Elasticsearch: sorting Spanish double names alphabetically - sorting

I am doing an Elasticsearch query and I want the results ordered alphabetically by last name. My problem: the last names are all Spanish double names, and ES doesn't order them the way I would like it.
I would prefer the order to be:
Batres Rivera
Batrín Chojoj
Fion Morales
Lopez Giron
Martinez Castellanos
Milán Casanova
This is my query:
{
"query": {
"match_all": {}
},
"sort": [
{
"Last Name": {
"order": "asc"
}
}
]
}
The order that I get with this is:
Batres Rivera
Batrín Chojoj
Milán Casanova
Martinez Castellanos
Fion Morales
Lopez Giron
So it is not sorting by the first string, but by either of both (Batres, Batrín, Casanova, Castellanos, Fion, Giron).
If I try additionally
{
"order": "asc",
"mode": "max"
}
then I get:
Batrín Chojoj
Lopez Giron
Martinez Castellanos
Milán Casanova
Fion Morales
Batres Rivera
All the fields are indexed by default, I checked with
curl -XGET localhost/my_index/_mapping
and I get back
my_index: {
my_type: {
properties: {
FirstName: {
type: string
}LastName: {
type: string
}MiddleName: {
type: string
}
...
}
}
}
Does anyone know how to make the results to be ordered to be ordered alphabetically by the beginning string of the last name?
Thanks!

The problem is that your LastName field is analyzed, so the string Batres Rivera is indexed as a multi-value field with two terms: batres and rivera.

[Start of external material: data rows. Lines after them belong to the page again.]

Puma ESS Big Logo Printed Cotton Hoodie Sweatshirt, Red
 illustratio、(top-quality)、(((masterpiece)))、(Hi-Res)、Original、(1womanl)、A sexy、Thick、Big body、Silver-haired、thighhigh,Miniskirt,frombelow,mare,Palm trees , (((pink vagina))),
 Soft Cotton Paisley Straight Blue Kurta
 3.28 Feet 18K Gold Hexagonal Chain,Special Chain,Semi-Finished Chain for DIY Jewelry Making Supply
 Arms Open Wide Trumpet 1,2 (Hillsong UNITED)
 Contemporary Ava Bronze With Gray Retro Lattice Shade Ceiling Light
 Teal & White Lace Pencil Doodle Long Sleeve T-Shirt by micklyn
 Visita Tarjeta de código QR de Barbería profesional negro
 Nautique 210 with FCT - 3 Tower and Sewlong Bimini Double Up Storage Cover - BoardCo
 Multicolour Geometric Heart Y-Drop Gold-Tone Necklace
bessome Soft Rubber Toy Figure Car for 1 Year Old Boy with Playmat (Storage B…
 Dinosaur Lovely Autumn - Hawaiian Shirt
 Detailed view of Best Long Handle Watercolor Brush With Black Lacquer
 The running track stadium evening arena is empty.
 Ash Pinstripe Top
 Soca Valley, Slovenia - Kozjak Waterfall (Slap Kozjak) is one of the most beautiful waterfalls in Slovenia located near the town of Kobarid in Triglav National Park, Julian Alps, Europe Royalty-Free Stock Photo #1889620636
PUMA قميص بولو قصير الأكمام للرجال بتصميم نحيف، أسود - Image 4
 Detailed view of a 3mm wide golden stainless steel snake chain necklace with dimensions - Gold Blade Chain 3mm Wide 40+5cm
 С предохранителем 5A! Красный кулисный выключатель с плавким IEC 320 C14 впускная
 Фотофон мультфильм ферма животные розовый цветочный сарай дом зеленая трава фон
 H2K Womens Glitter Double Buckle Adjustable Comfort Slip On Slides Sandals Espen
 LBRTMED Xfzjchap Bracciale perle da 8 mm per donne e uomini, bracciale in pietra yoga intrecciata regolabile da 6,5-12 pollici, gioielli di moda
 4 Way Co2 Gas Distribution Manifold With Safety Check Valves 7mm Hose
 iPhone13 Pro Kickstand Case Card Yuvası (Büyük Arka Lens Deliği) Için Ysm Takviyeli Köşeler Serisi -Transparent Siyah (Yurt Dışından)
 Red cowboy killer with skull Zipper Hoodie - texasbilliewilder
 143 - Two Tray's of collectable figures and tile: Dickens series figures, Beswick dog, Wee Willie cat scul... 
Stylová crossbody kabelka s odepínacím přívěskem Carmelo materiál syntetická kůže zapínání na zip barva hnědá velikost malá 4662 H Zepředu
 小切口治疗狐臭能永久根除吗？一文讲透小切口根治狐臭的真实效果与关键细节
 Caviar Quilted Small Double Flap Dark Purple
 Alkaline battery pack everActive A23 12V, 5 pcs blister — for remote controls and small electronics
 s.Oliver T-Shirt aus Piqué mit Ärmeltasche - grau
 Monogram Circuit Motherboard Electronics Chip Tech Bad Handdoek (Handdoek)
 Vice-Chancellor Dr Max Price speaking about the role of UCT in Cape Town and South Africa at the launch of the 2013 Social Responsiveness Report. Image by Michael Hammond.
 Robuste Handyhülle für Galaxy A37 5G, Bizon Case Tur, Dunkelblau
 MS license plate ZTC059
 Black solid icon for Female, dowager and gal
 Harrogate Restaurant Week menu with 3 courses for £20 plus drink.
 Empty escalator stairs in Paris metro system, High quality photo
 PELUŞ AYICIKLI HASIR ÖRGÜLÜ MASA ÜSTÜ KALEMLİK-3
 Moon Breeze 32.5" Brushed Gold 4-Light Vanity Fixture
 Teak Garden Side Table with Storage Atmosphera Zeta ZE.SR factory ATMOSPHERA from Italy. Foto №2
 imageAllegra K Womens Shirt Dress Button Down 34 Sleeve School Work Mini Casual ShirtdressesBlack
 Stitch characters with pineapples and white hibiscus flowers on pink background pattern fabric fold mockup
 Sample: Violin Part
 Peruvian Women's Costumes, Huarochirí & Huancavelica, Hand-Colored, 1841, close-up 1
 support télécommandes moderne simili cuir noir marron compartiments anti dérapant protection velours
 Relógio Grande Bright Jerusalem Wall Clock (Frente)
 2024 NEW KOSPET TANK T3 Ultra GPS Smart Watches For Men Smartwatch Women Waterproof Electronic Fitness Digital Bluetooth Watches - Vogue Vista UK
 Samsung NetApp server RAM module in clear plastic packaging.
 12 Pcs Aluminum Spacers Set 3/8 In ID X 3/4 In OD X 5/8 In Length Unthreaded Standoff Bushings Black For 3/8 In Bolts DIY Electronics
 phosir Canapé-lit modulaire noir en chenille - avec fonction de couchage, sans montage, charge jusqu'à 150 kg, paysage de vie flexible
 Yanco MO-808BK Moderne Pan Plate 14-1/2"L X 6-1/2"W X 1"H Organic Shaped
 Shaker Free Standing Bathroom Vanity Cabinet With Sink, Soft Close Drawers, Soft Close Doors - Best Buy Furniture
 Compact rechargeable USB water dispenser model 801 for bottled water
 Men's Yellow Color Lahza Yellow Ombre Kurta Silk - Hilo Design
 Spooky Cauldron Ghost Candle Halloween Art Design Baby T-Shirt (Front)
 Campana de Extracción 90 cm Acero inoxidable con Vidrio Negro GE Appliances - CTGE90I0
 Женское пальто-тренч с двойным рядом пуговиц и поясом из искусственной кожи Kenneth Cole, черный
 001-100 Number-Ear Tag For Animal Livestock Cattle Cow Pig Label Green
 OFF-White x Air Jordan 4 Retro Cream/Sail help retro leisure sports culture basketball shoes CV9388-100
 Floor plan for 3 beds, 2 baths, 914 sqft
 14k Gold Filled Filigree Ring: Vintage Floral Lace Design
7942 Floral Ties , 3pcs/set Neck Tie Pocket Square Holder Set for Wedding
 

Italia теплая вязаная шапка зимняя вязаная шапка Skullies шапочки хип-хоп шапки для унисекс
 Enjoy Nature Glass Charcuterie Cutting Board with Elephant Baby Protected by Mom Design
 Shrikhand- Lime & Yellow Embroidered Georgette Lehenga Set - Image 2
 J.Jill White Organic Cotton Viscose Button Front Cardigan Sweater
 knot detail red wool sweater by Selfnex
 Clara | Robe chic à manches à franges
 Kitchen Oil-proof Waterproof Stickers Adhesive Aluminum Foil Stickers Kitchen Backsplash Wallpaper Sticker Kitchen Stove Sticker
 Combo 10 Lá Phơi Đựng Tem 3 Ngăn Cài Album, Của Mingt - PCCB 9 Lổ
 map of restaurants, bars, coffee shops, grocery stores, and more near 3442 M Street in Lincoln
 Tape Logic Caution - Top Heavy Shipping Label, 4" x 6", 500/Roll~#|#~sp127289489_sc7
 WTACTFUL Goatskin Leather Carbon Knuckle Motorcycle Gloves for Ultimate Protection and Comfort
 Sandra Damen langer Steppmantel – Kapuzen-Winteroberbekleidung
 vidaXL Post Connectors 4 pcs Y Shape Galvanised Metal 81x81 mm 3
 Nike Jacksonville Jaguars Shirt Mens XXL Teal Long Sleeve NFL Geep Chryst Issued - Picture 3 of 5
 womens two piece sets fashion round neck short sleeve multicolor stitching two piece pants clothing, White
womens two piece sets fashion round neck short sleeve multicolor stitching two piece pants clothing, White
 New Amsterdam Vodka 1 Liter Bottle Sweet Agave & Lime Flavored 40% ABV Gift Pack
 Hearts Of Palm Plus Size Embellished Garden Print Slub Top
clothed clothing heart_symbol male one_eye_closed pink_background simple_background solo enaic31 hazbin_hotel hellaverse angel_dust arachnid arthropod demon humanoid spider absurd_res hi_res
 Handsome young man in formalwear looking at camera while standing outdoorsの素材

But this isn't like an ordered array, it's more like a "bag of values". So when you try to sort on the field, it chooses one of the terms (the min or max) and sorts on that.
What you need to do is to store the LastName as a single term (Batres Rivera) for sorting purposes, by mapping the field as
{ "type": "string", "index": "not_analyzed"}
Obviously you can't then use that field for search purposes: you wouldn't be able to search for rivera and match on that field.
The way to support both searching and sorting is to use multi-fields: ie index the same value in two ways, one for searching and one for sorting.
In 0.90.* the syntax for multi-fields is:
curl -XPUT "http://localhost:9200/my_index" -d'
{
"mappings": {
"my_type": {
"properties": {
"LastName": {
"type": "multi_field",
"fields": {
"LastName": {
"type": "string"
},
"raw": {
"type": "string",
"index": "not_analyzed"
}
}
}
}
}
}
}'
In 1.0.* the multi_field type has been removed and now any core field type supports sub-fields as follows:
curl -XPUT "http://localhost:9200/my_index" -d'
{
"mappings": {
"my_type": {
"properties": {
"LastName": {
"type": "string",
"fields": {
"raw": {
"type": "string",
"index": "not_analyzed"
}
}
}
}
}
}
}'
So you can use the LastName field for searching, and the LastName.raw field for sorting:
curl -XGET "http://localhost:9200/my_index/my_type/_search" -d'
{
"query": {
"match": {
"LastName": "rivera"
}
},
"sort": "LastName.raw"
}'
Language specific sorting
You should also look at using the ICU analysis plugin to sort using the Spanish sort order (or collation). This is a bit more complex but is worth using:
curl -XPUT "http://localhost:9200/my_index" -d'
{
"settings": {
"analysis": {
"analyzer": {
"folding": {
"type": "custom",
"tokenizer": "icu_tokenizer",
"filter": [
"icu_folding"
]
},
"es_sorting": {
"type": "custom",
"tokenizer": "keyword",
"filter": [
"lowercase",
"spanish"
]
}
},
"filter": {
"spanish": {
"type": "icu_collation",
"language": "es"
}
}
}
},
"mappings": {
"my_type": {
"properties": {
"LastName": {
"type": "string",
"analyzer": "folding",
"fields": {
"raw": {
"type": "string",
"analyzer": "es_sorting"
}
}
}
}
}
}
}'
We create a folding analyzer which we'll use for the LastName field, which will analyze a string like Muñoz Rivera into the two terms munoz (without the ~) and rivera. So a user can search for munoz or muñoz and either will match.
Then we create the es_sorting analyzer which indexes the proper sort order for muñoz rivera (lowercased) in Spanish.
Searching would be done in the same way:
curl -XGET "http://localhost:9200/my_index/my_type/_search" -d'
{
"query": {
"match": {
"LastName": "rivera"
}
},
"sort": "LastName.raw"
}'

We need to know how you are indexing the name.
Please check this discussion link.
http://elasticsearch-users.115913.n3.nabble.com/Is-there-a-way-to-search-terms-lower-cased-td932996.html
This should be very helpful for your case. This depends on your mapping settings. What analyzer you use for the name field.
Need your mapping definition to decide on a proper solution.

Related

How do I do a terms aggregation by concatenating two arrays?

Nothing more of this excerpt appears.